According to recent research, a growing number of children are now reaching their social and intellectual peak in preschool, leaving many of them unfocused, lacking ambition and poopie by the time they reach the first semester of second grade.
"It's alarming, but what we're seeing are children who are 3 or 4 years old, who have a lot of besties and the advanced block-stacking ability of a first-grader, suddenly finding themselves burnt out and unpopular by the time they're 7," says lead researcher Raymond Sloan.
"These kids, who were standouts during morning hello and snuggles, just can't seem to cut it when faced with the rigors of circle time and rhythmic clapping that awaits them in the years following first grade," Sloan added.
Understandably, the new report has parents confused and angry; many were certain that their child's popularity in preschool would take them right into being smug and annoying adults.
Maybe it's time to consider having another child that could possibly fulfill your dreams.
"Everybody wanted to be Sparrow's friend. I mean everybody!" said Sandra Bobbins of her daughter's preschool term. "Now she's 6-and-a-half, and she's only been invited to 10 birthday parties this entire year. That's ONE-OH!," Bobbins shrieked.
Some parents had pinned their hopes for the future on their high-achieving preschoolers. "My daughter Elf could say 'goodnight' in Mandarin by the time she was 2," said mom Claire Morgan. "Now she's 7, and she can barely program our DVR for us. It's hard to watch her struggle, moving her lips as she punches in the numbers."
"It just breaks my heart in two," Morgan sobbed.
Psychologist Kimmy Thompson argues that the new findings might be premature. "I don't want to say that a child can be labeled a failure by the time they're in second grade," Thompson argues. "I say give them until third grade, maybe even until winter break of fourth grade. If they aren't showing signs of greatness by that time, OK maybe then it's time to consider having another child that could possibly fulfill your dreams."

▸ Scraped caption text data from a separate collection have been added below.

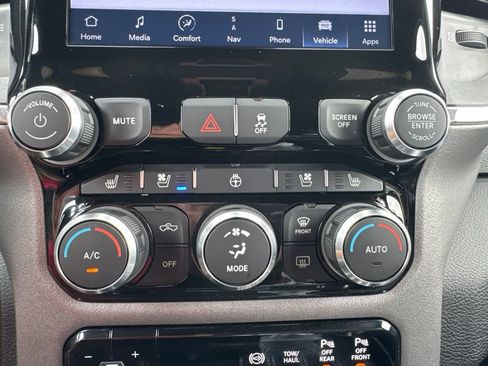 Certified 2022 RAM 2500 Laramie w/ Night Edition AWD/4WD image 7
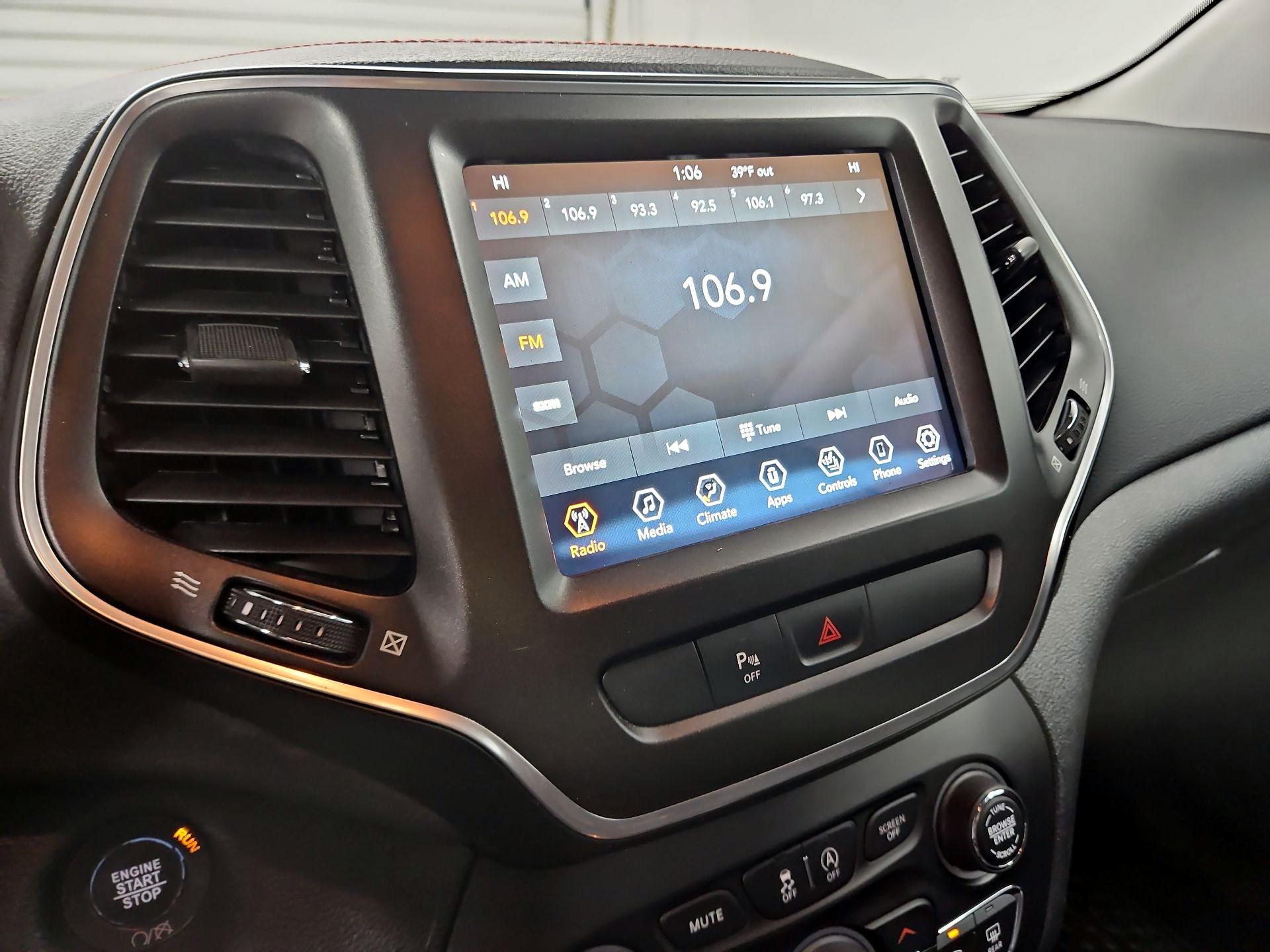 Thumbnail: 2020 Jeep Cherokee - 15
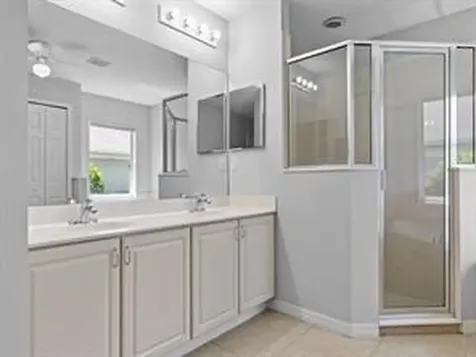 483 S Key Lime Square SW Vero Beach FL 32968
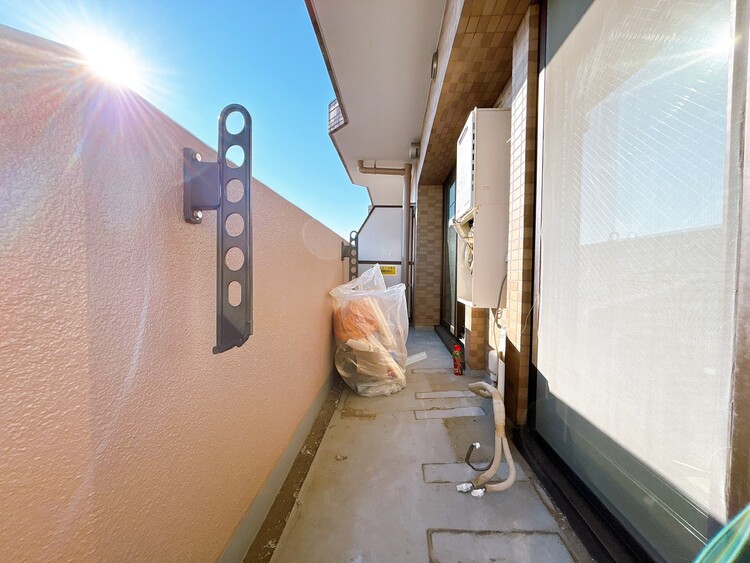 バルコニー 暮らしの中で、光と風を演出してくれるバルコニー。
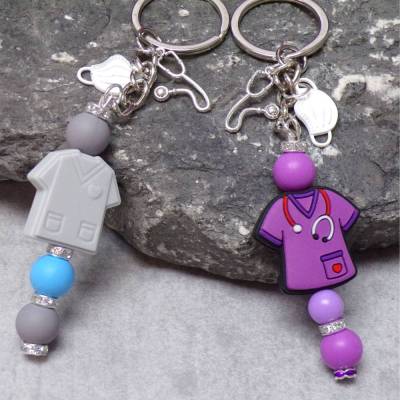 Personalisierbarer Schlüsselanhänger Kasack für Pflege, Krankenschwester & Stethoskop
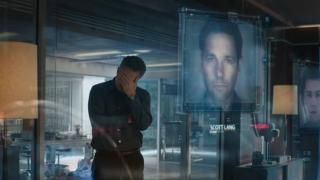 Avengers: Endgame Movie: Bruce Banner ser på et bilde av Scott Lang i Avengers HQ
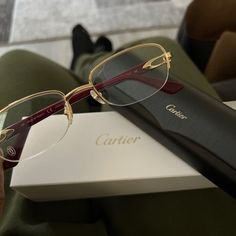 Cartier Glasses Woman, Cartier Glasses, Glasses Aesthetic, Classy Glasses, Sunglasses Box, Fashion Eye Glasses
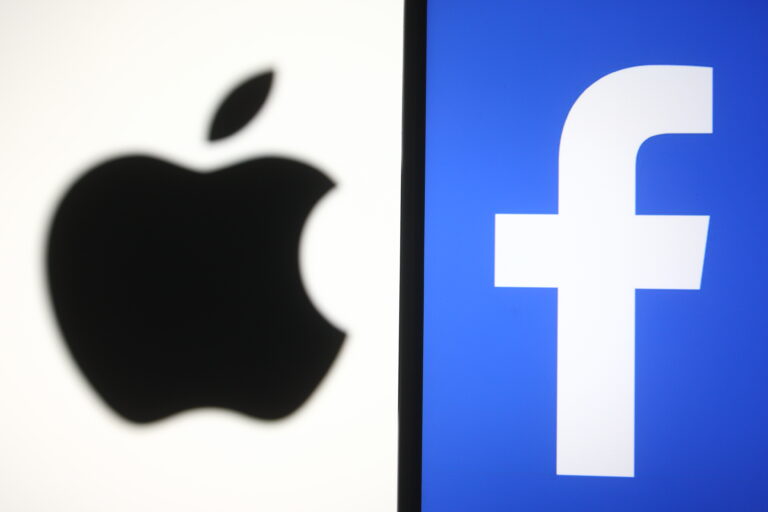 Apple, Facebook and Discord reportedly gave user data to hackers posing as law enforcement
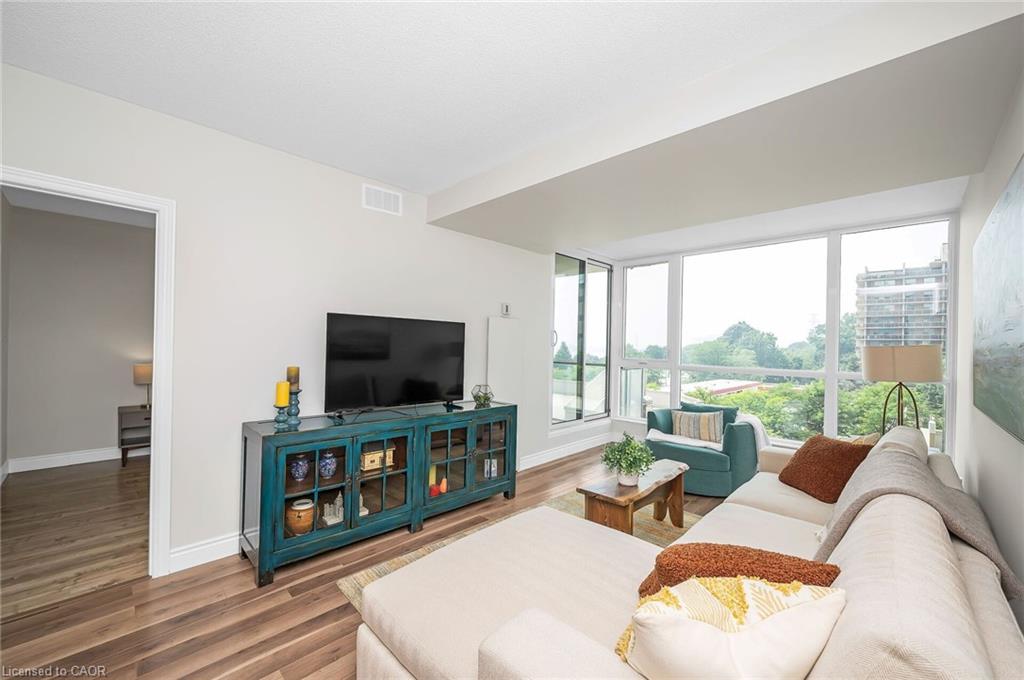 406-415 Locust Street Property Photo 28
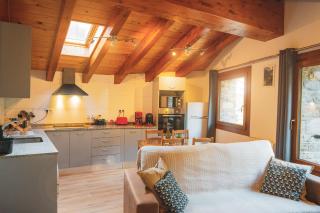 Casa amb molt encant i tranquilitat. - Ansalonga - 0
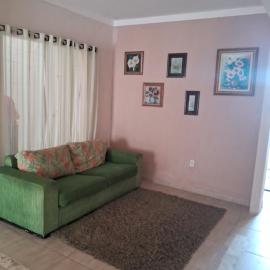 House 5 min from downtown Ipatinga 11 min from airport, hotel en Santana do Paraíso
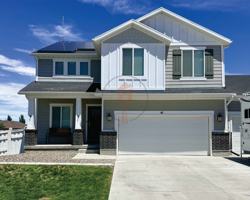 featured image of 41 E Pear St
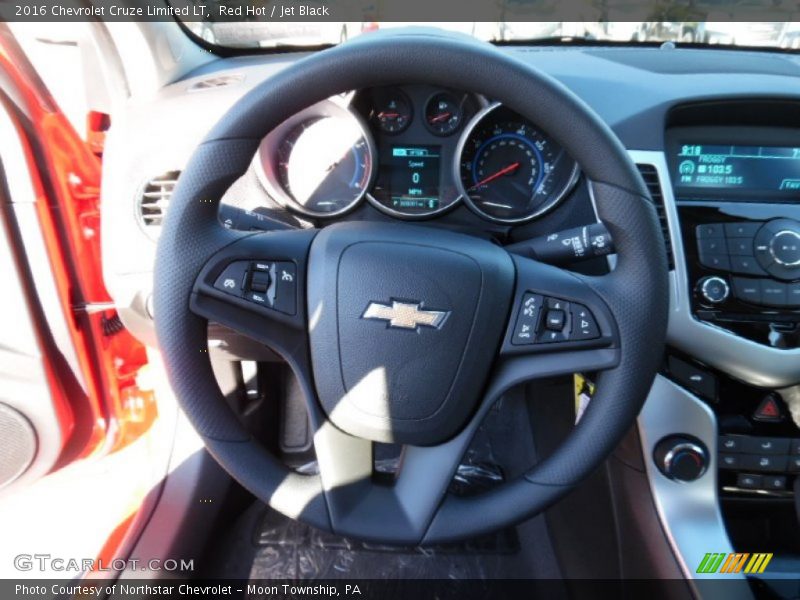 Red Hot / Jet Black 2016 Chevrolet Cruze Limited LT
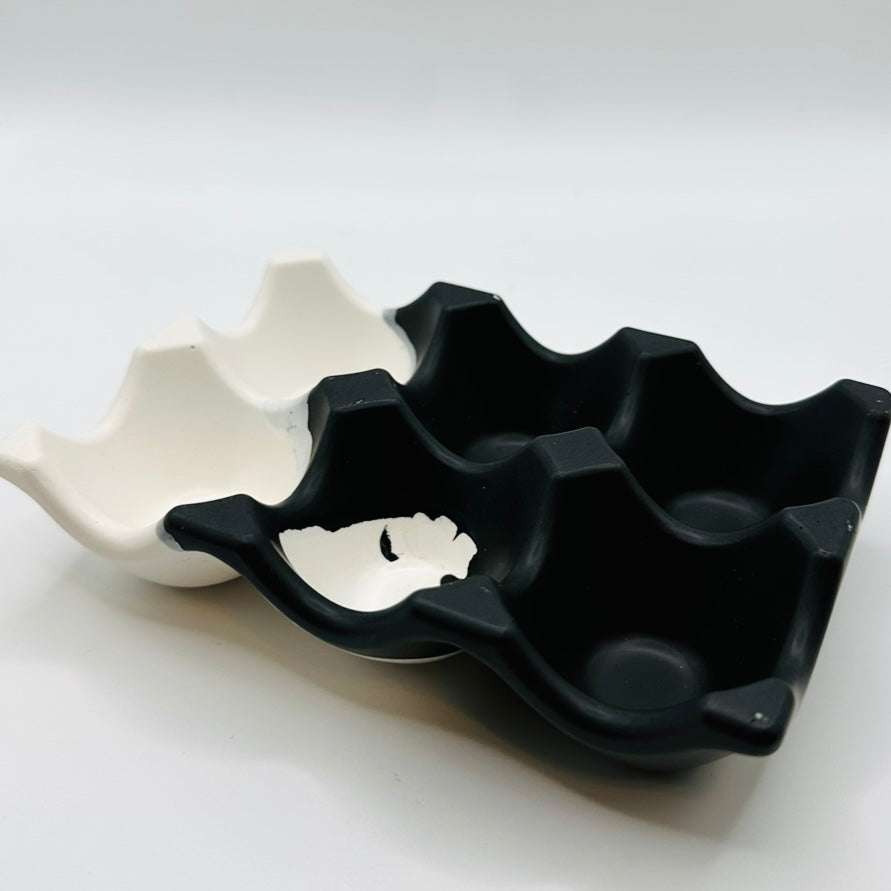 Egg Tray - Black & White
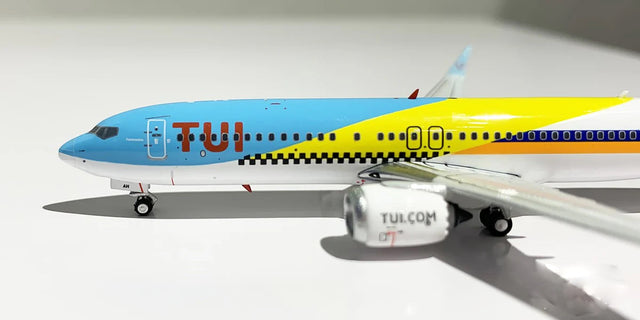 Phoenix TUI Boeing 737 Max8 D-AMAH 1/400 Aircraft Scale Model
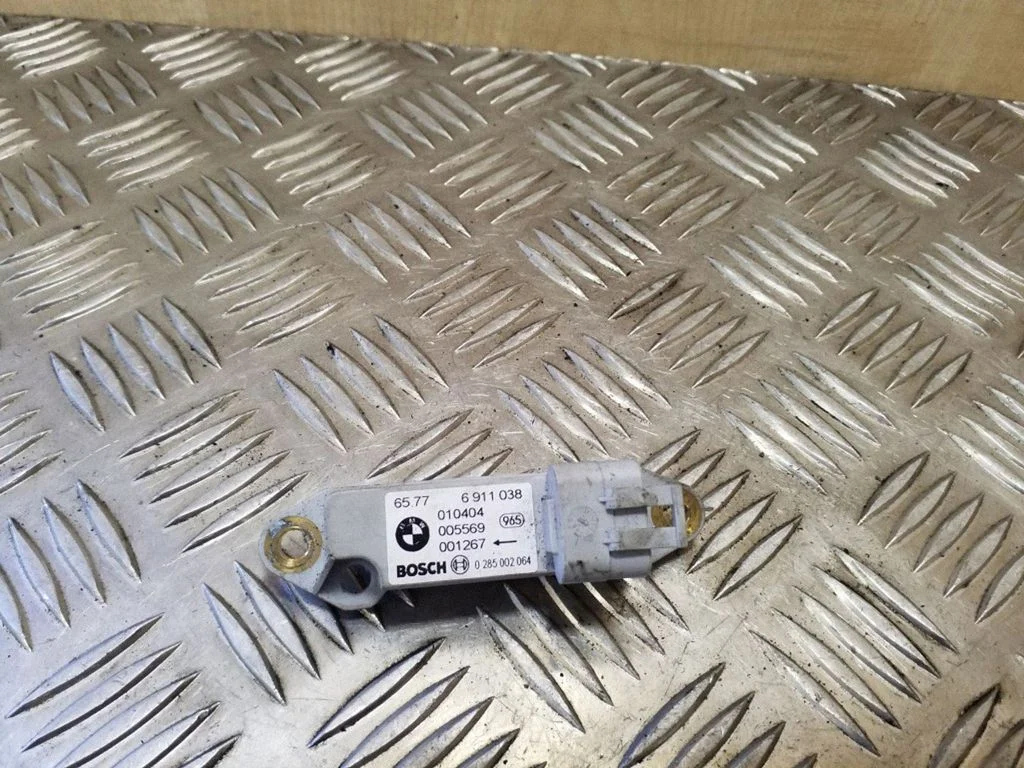 Drošības spilvenu trieciena sensors – BMW 3. sērija E46 (1998-2005)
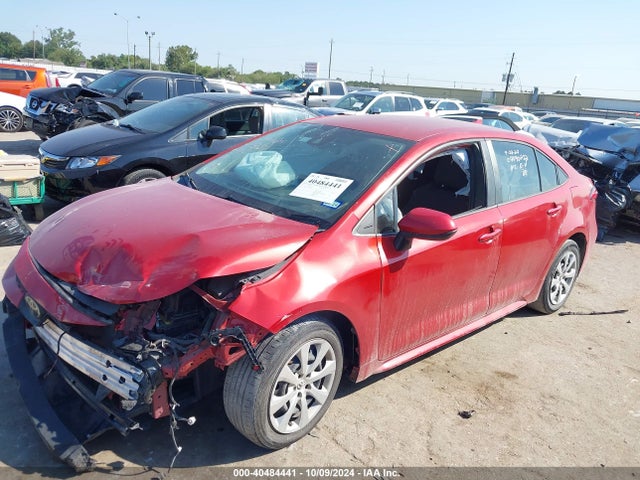Toyota COROLLA LE 2021 5YFEPMAE1MP233383 Image 2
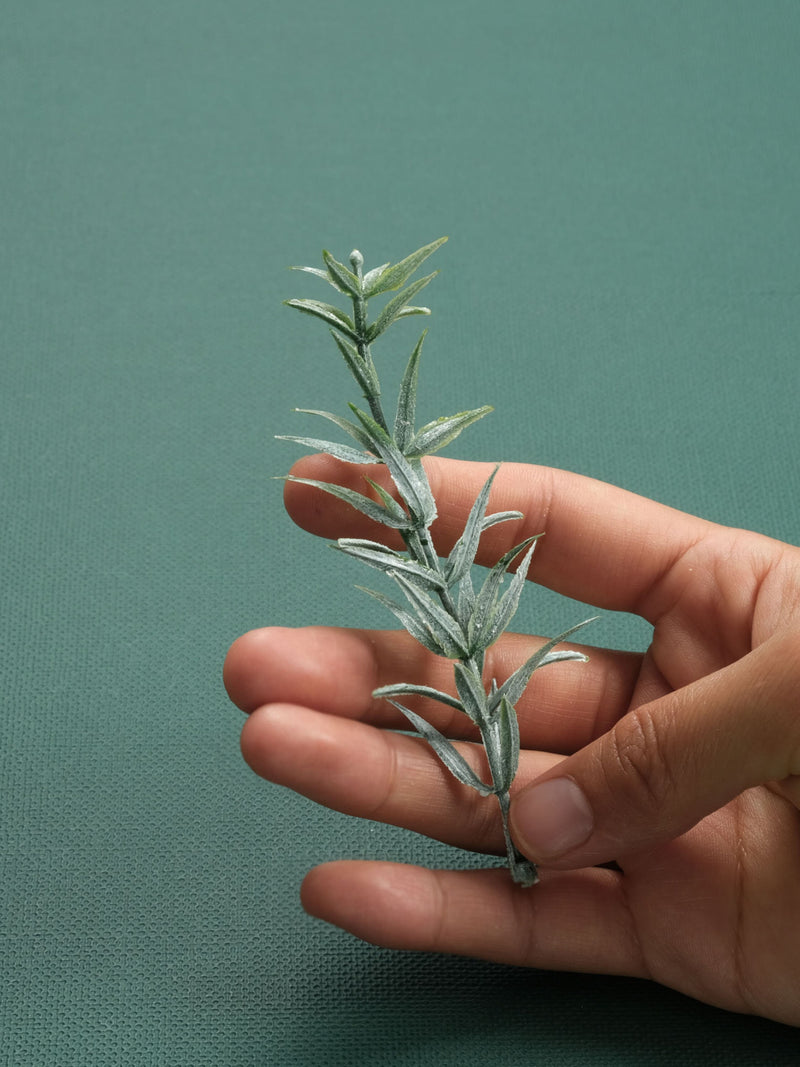 6/150PCS Artificial Silk Greenery / Dusty Plant Frosty Rosemary Fake Miller For DIY Cake Topper Dessert Crown Wedding Centerpiece Decor faux plants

On the other hand, dad Ben Founders says he won't listen to the research and has faith his 3-year-old will continue to be just plain better than all the other kids. "Orson is special. I've seen how the other toddlers are drawn to him, and how he has a unique way of spilling juice on the freshly washed carpet," gushed the first-time father. "He says wants to be a panda when he grows up, and I'll be here every step of the way to help him achieve that dream."